Он засмеялся, втянув голову в плечи, словно воспоминание было уморительным.
– Что он вам сказал?
– То же, что Грегуару: он знал, как его вылечить. Он даже утверждал, что знает причину его недуга.
– Какую причину?
Муганга вместо ответа пожал плечами. В этот момент раздался звук туманной сирены.
– Дядя, – настойчиво вмешался Сальво, – мы опоздаем к отплытию!
– Постарайтесь припомнить, доктор, что именно вы сказали о Пернеке?
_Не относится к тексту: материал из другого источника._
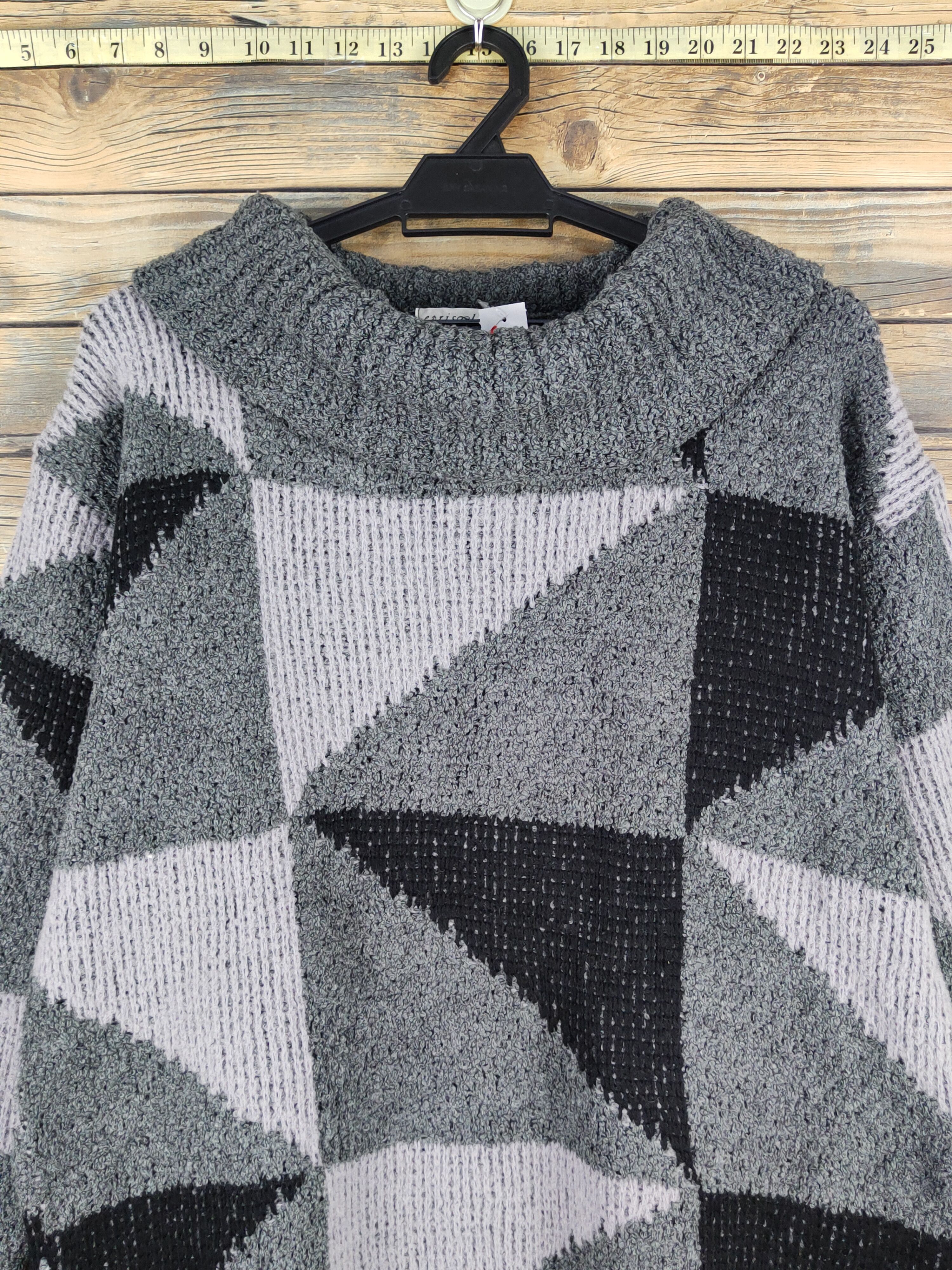 Homespun Knitwear Epris Claire Dark Gray Knitwear Sweatshirts #W1349 Size M / US 6-8 / IT 42-44 - 2 Thumbnail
– Что он знал, почему Грегуар бил Кати… Он раскрыл его тайну… У него было на Грегуара досье…
Он снял марлевую повязку внизу живота больной, лежащей без сознания, – к счастью, зеленый клочок послужил ширмой, и Эрван не мог увидеть рану. У Фуамбы на губах по-прежнему блуждала улыбка, пока он внимательно рассматривал повреждение. Он и сам был похож на безумца.
– А что было в этом досье?
Фуамба, казалось, вспомнил о присутствии Эрвана. Он вытащил наконечники стетоскопа из ушей и повернулся к нему. Вся жизнерадостность исчезла с его лица.
– Повидайтесь с сестрой Хильдегардой. Мы тогда вместе работали.
Имя, которое назвал белый священник в Лубумбаши.
– Она так и не тронулась с места, – пробормотал врач, вновь обретая свою улыбку. – «Чем старее козел, тем крепче рога…» – так говорили бельгийцы.